Still, we are optimistic Latin America can and will fully embrace #DigitalTransformation. Our telecommunications infrastructure has passed a formidable stress test with high marks since March of 2020. Now is the time to take further steps, based on smart digital regulation (neutral, global and innovative), and public-private partnerships (including increasing the capital of development banks). We call for a comprehensive regulatory revamp to prepare for the challenges of the coming 20 years, not just for the next few quarters. Data protection and privacy, IP protection, anti-piracy efforts, cheaper access to and efficient management of spectrum, and tax reform are key areas.

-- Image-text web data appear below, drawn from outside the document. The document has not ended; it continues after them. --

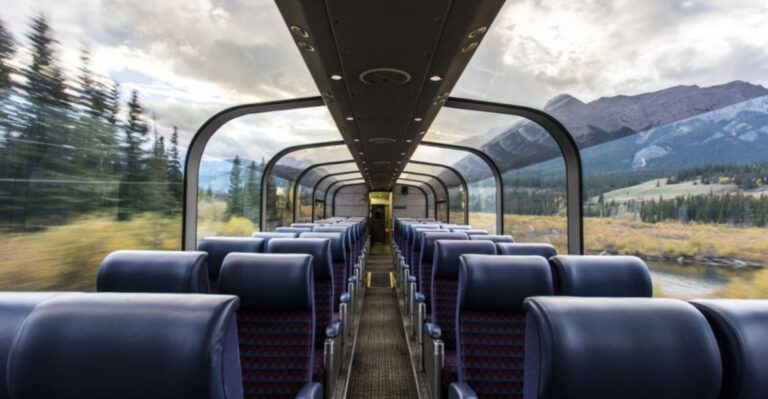 15 Things to Know Before Taking the Amtrak Empire Builder Train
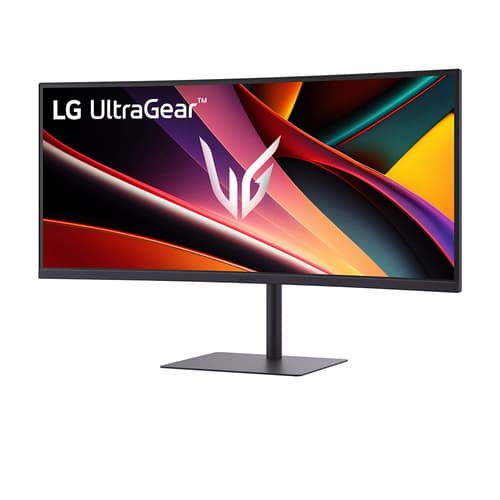 34" UWQHD 240Hz Gaming Monitor with Height Adjustable Stand — view 9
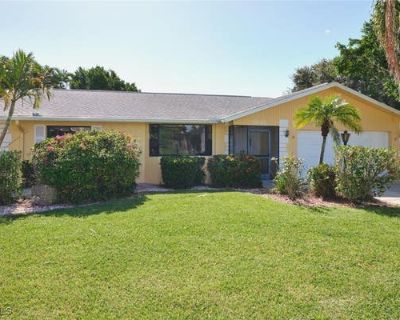 3 Bedroom 2BA 1642 ft Single Family Home For Sale in CAPE CORAL, FL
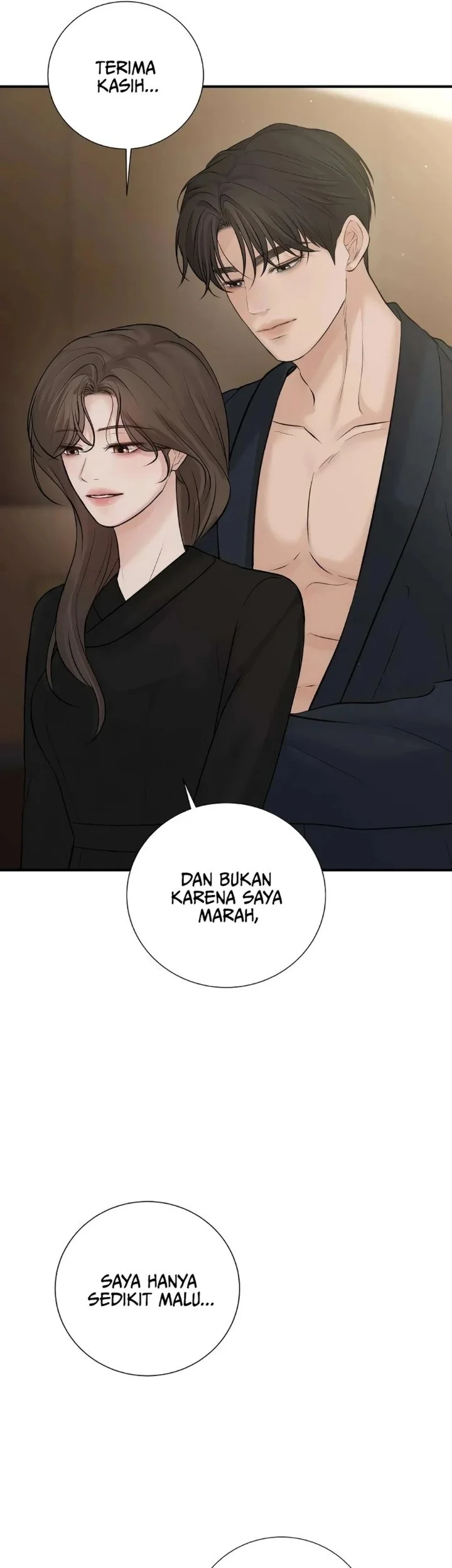 The Villain's Pure Love Chapter 34 Gambar 61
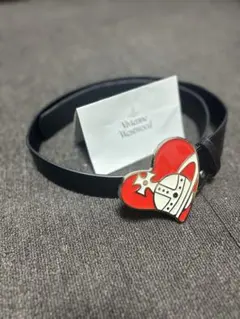 Fujiko様専用　Vivienne Westwood｜ハートバックルベルト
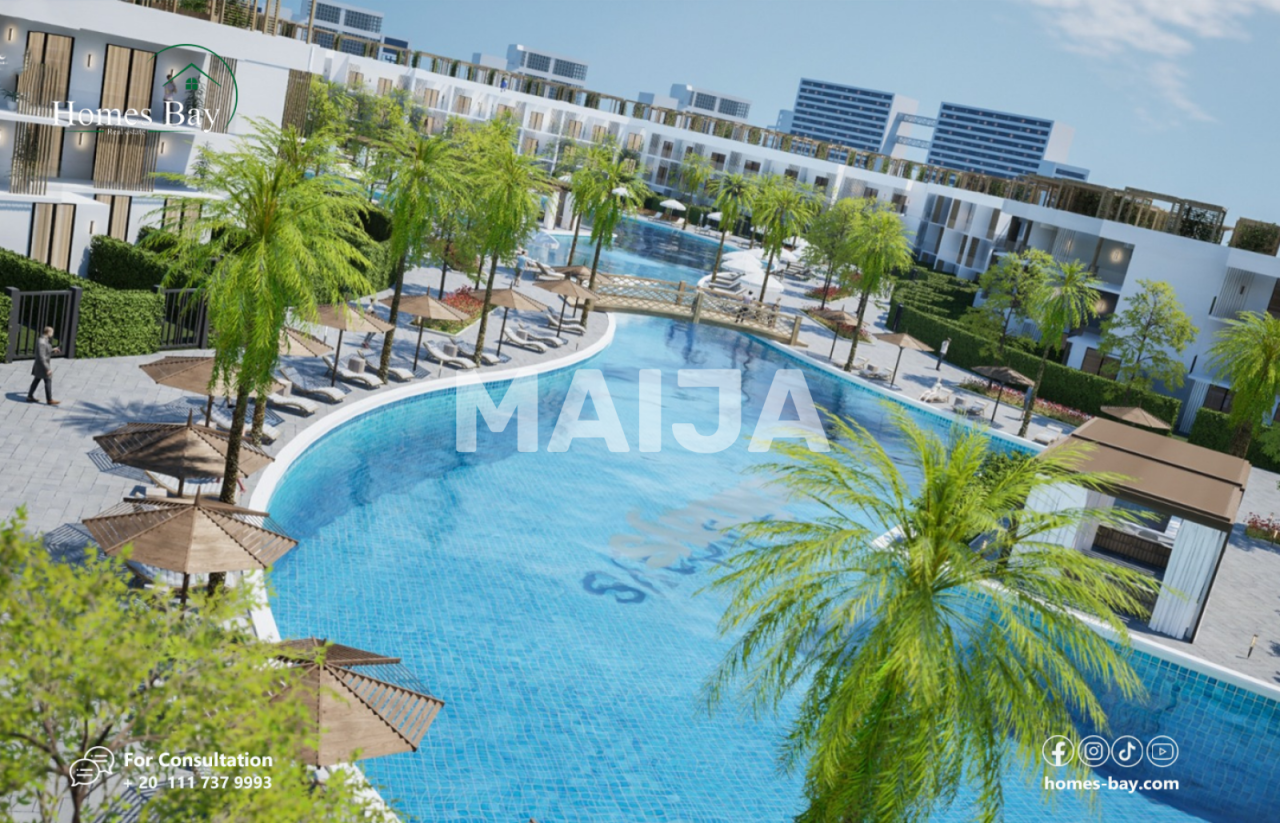 Apartment in Hurghada, Egypt, 167 m² - picture 5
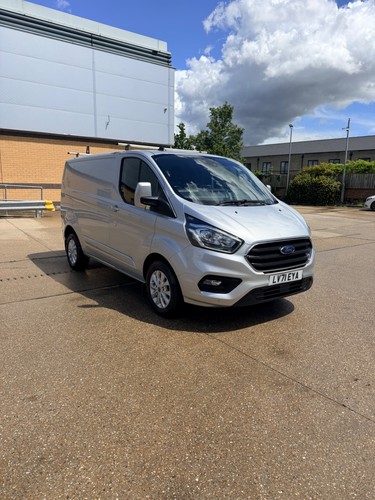 Vat 2021 ford - vat, transit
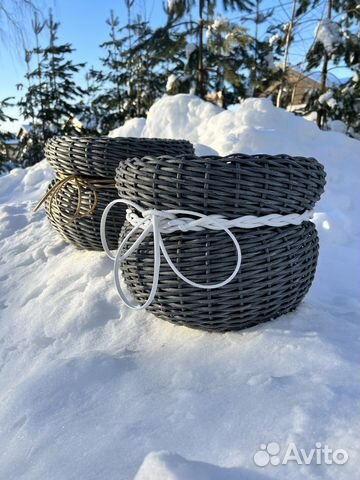 Кашпо «Мешочек счастья»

The current mobilization of money, politics and ideas is unprecedented. And so is the opportunity that the situation has created for Latin America and the Caribbean. Carpe Diem!

Karim Lesina is executive vice president and chief external affairs officer at Millicom

Angel Melguizo is vice president of external and regulatory affairs at VRIO Latin America

The opinions expressed in this post are those of the authors. They do not purport to reflect the opinions or views of their employers, the Inter-American Dialogue or the Latin America Advisor publications.